# [What needs to be done]
Each record should reappear exactly in your answer, minus any picture.

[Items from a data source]
+ + + + +

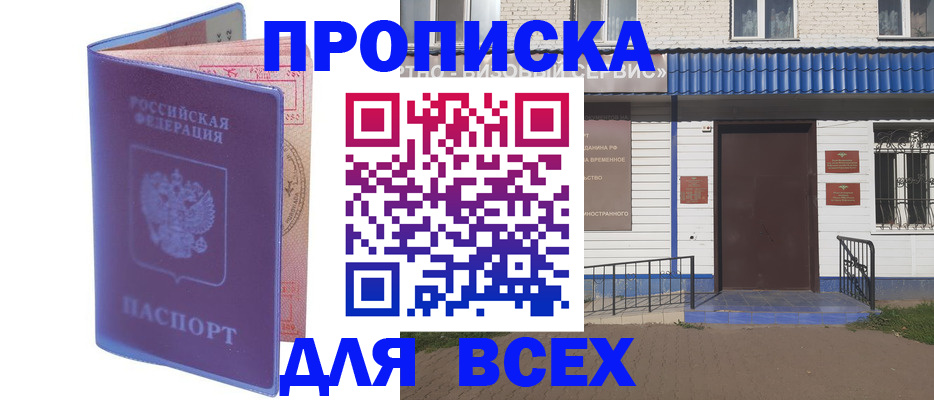 временная регистрация в квартире в Тамбовской области
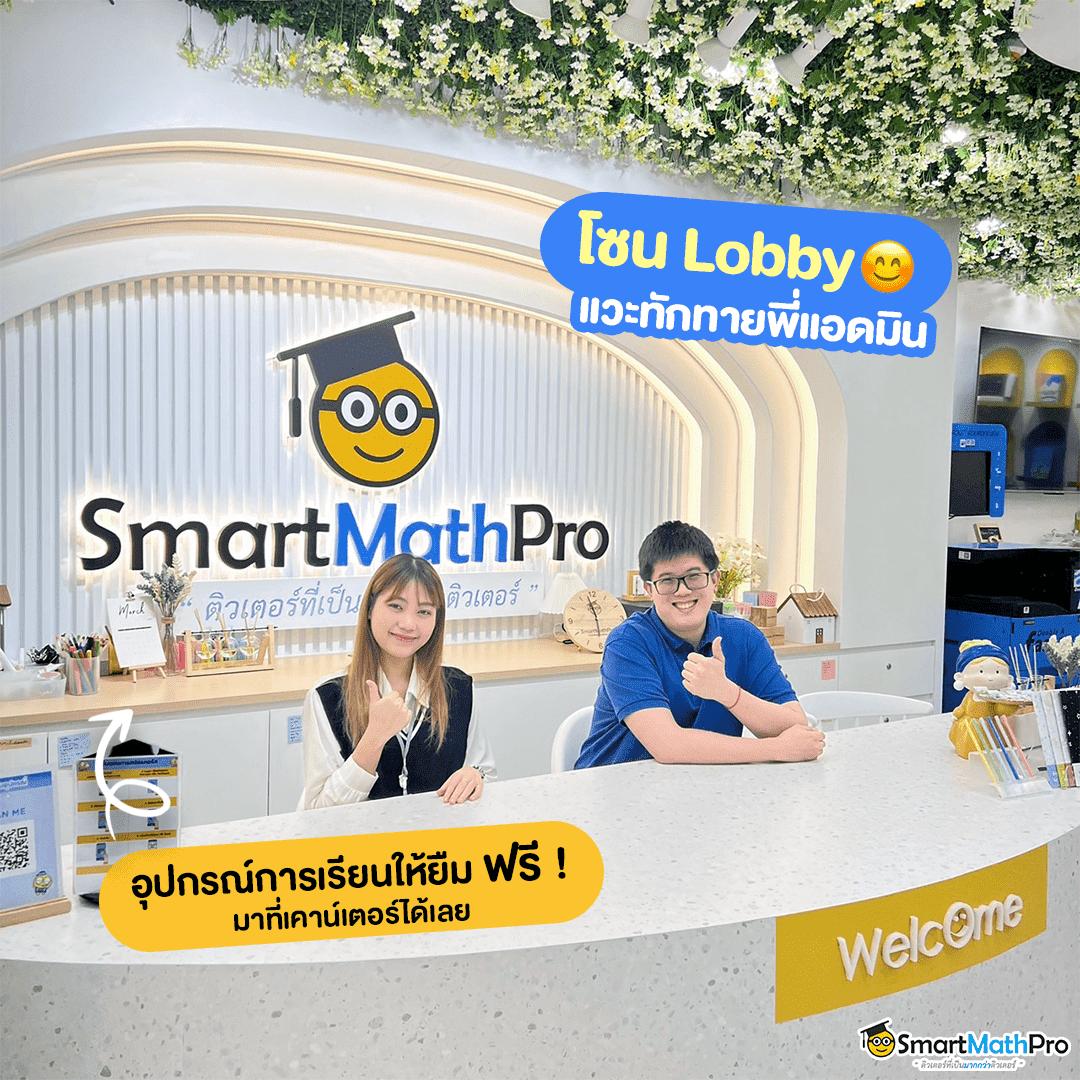 m168 ศูนย์รวมความบันเทิงคาสิโนออนไลน์ยอดนิยม พร้อมโปรโมชั่นสุดคุ้ม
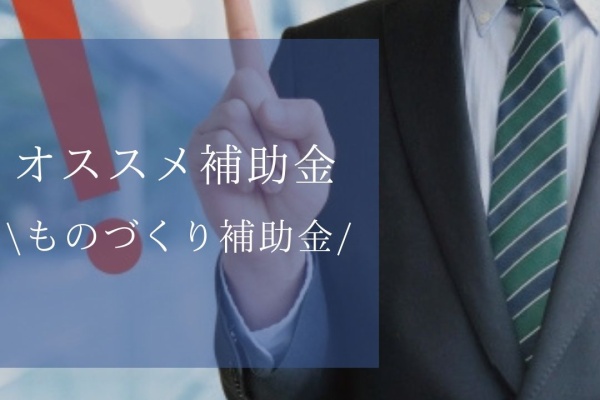 一般社団法人 中小企業人材育成協会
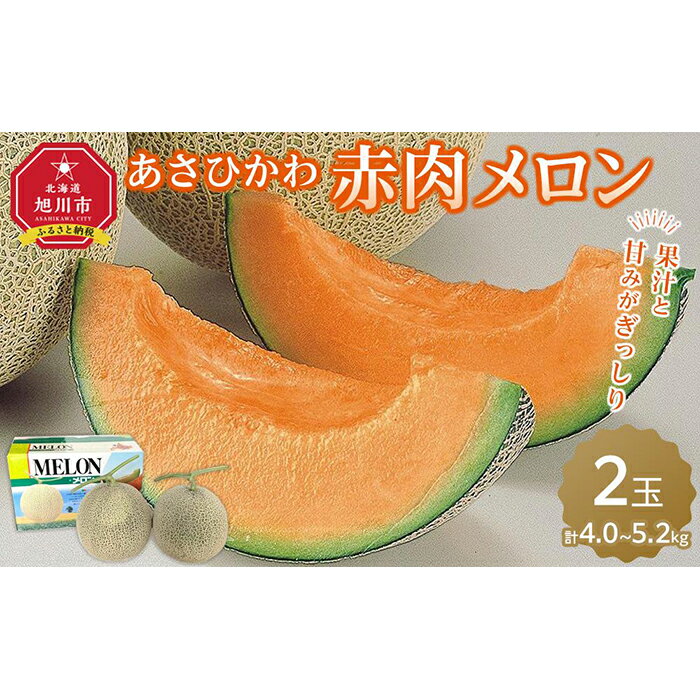 【ふるさと納税】【先行予約】あさひかわ赤肉メロン2玉【1玉2.0kg以上2.6kg未満のサイズ】北海道旭川産(2024年7月中旬発送開始予定)_01945 | メロン 赤肉 フルーツ 果物 旬 お取り寄せ 甘い 糖度 大玉 旭川市 北海道 送料無料のサムネイル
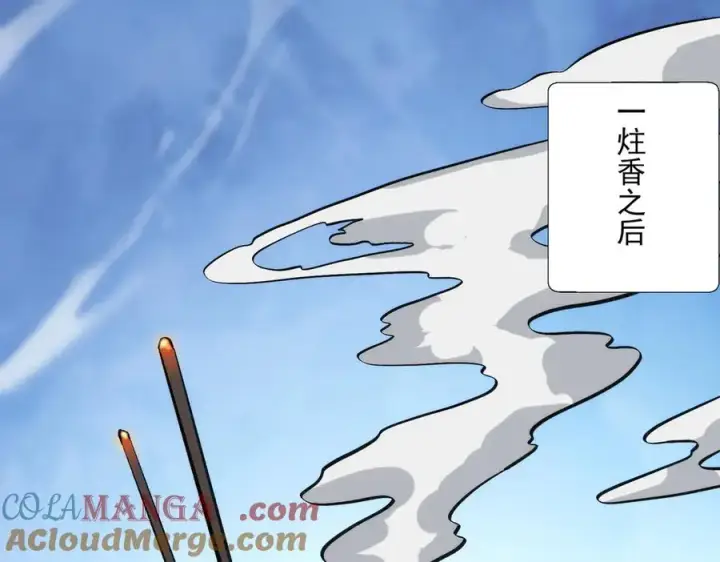 漫画《我有亿万年修为》都是一家人第53张图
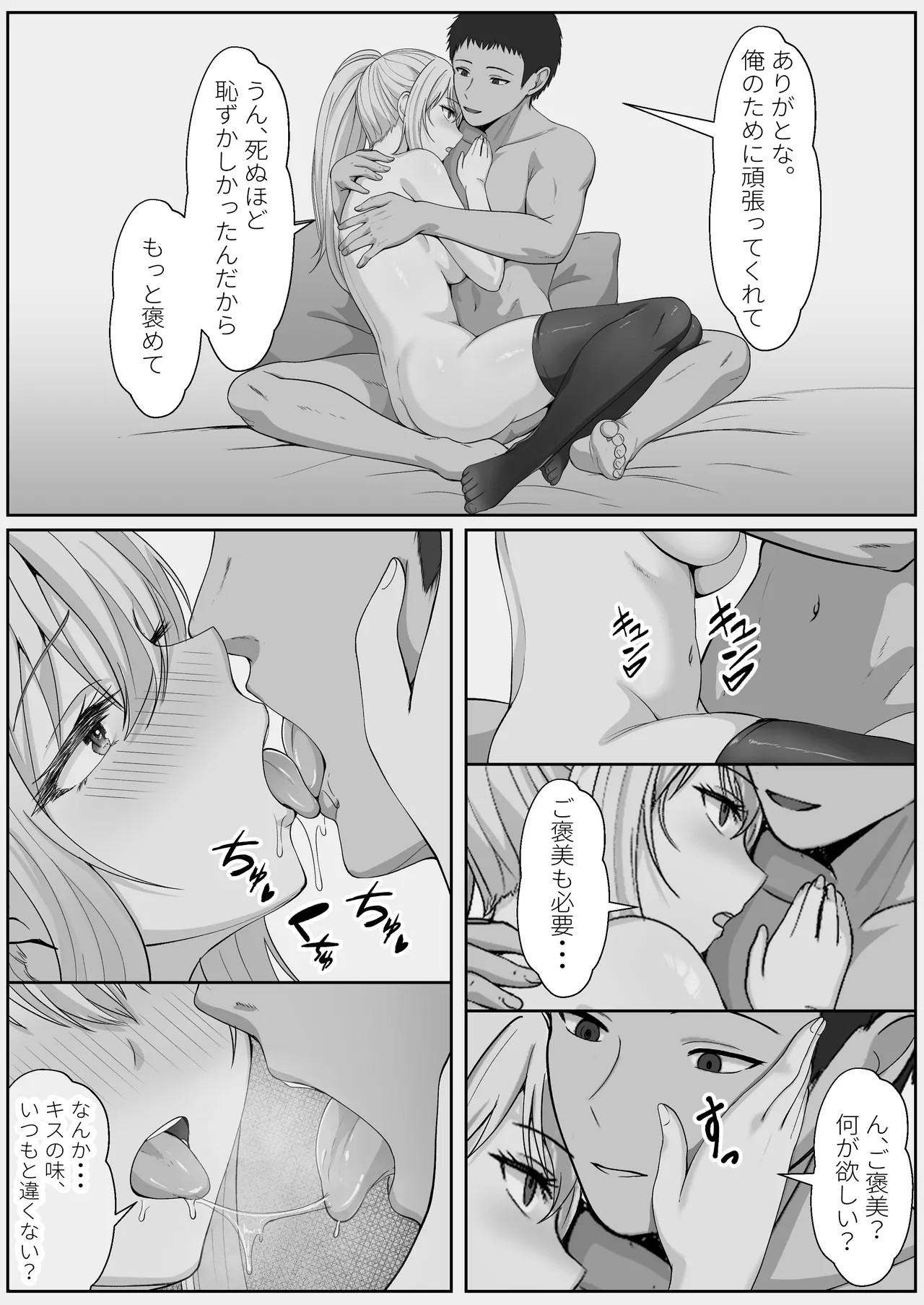 Page 58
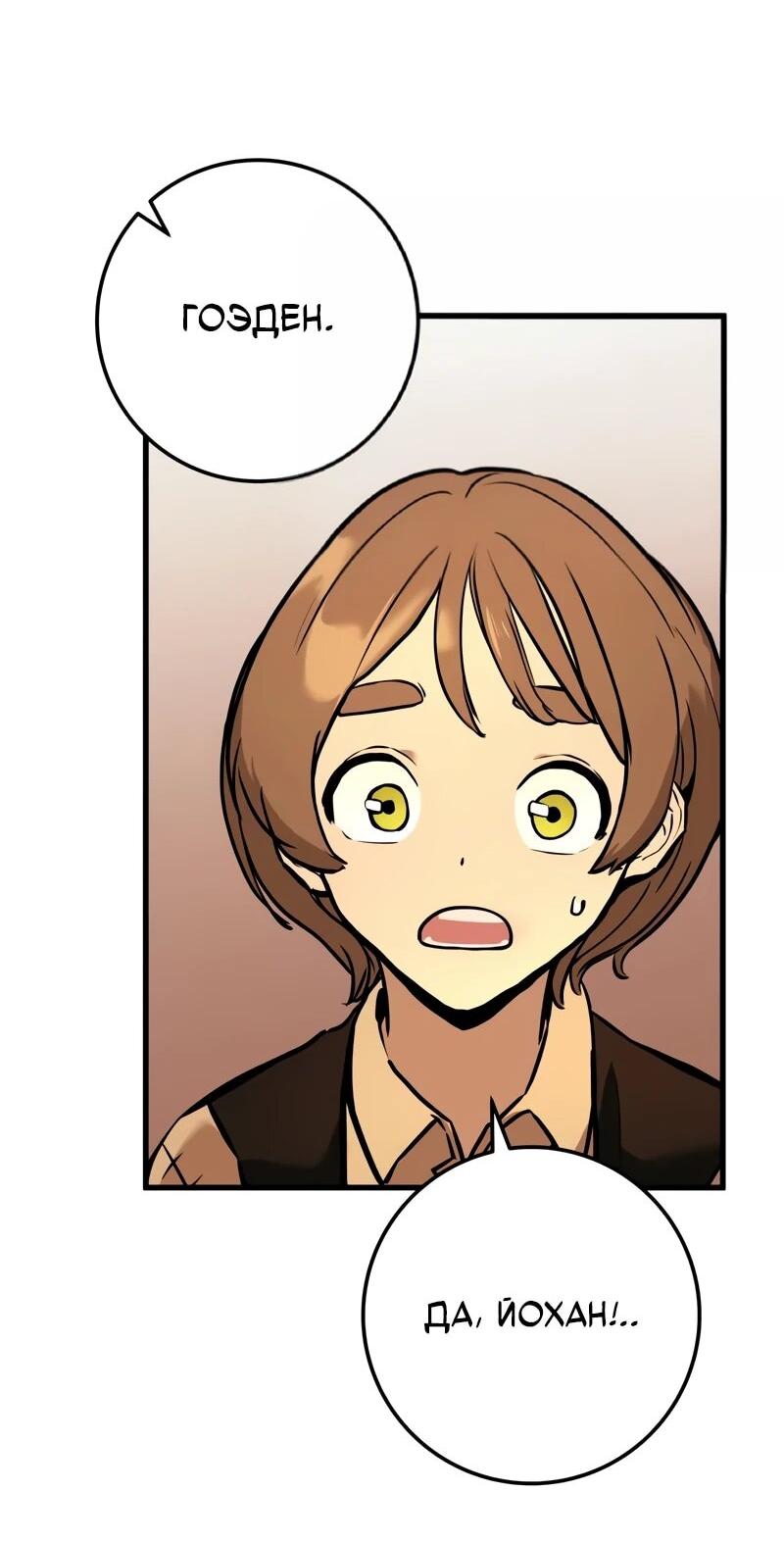 Манга Как выжить странствующему рыцарю - Глава 23 Страница 19
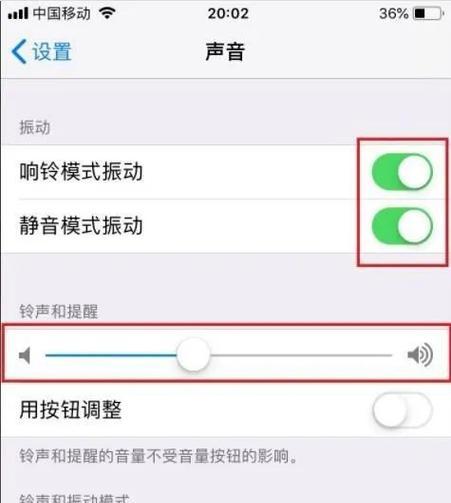 音箱震动音频关闭方法是什么？  第2张
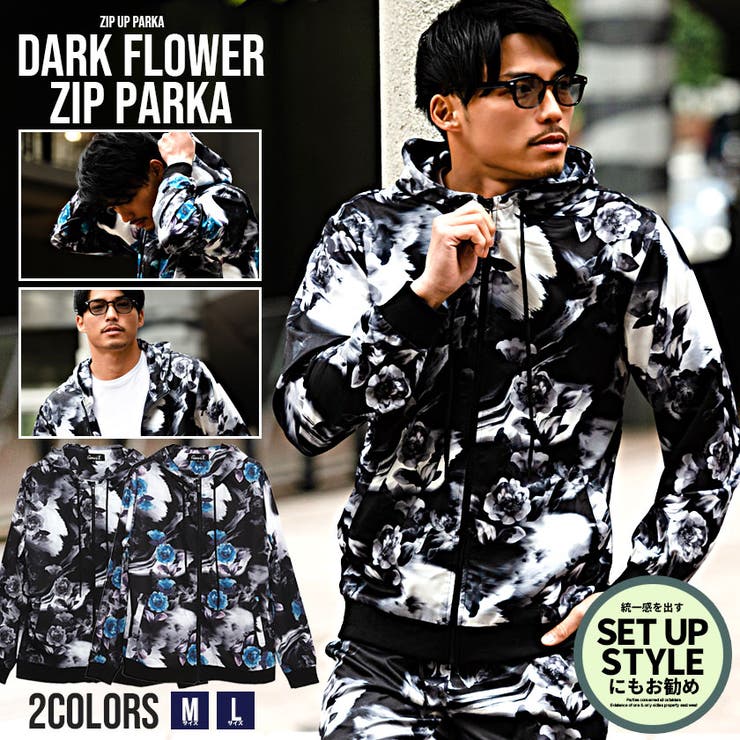 CavariA ダークフラワー総柄ジップアップ長袖パーカー セットアップ可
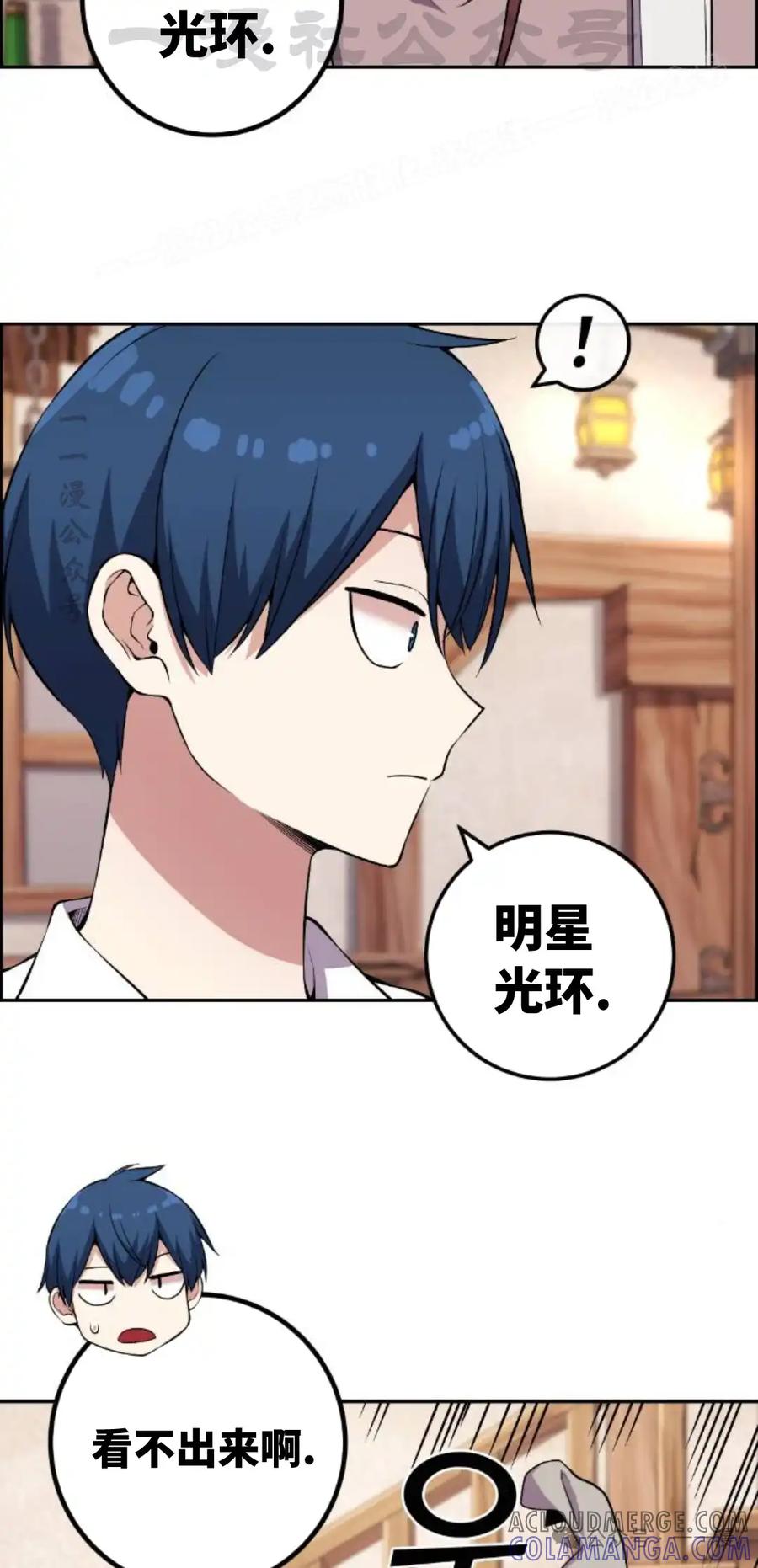 漫画里的罗康林 第125集 第4页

+ + + + +

# [Result of the task]
 временная регистрация в квартире в Тамбовской области
 m168 ศูนย์รวมความบันเทิงคาสิโนออนไลน์ยอดนิยม พร้อมโปรโมชั่นสุดคุ้ม
 一般社団法人 中小企業人材育成協会
 【ふるさと納税】【先行予約】あさひかわ赤肉メロン2玉【1玉2.0kg以上2.6kg未満のサイズ】北海道旭川産(2024年7月中旬発送開始予定)_01945 | メロン 赤肉 フルーツ 果物 旬 お取り寄せ 甘い 糖度 大玉 旭川市 北海道 送料無料のサムネイル
 漫画《我有亿万年修为》都是一家人第53张图
 Page 58
 Манга Как выжить странствующему рыцарю - Глава 23 Страница 19
 音箱震动音频关闭方法是什么？  第2张
 CavariA ダークフラワー総柄ジップアップ長袖パーカー セットアップ可
 漫画里的罗康林 第125集 第4页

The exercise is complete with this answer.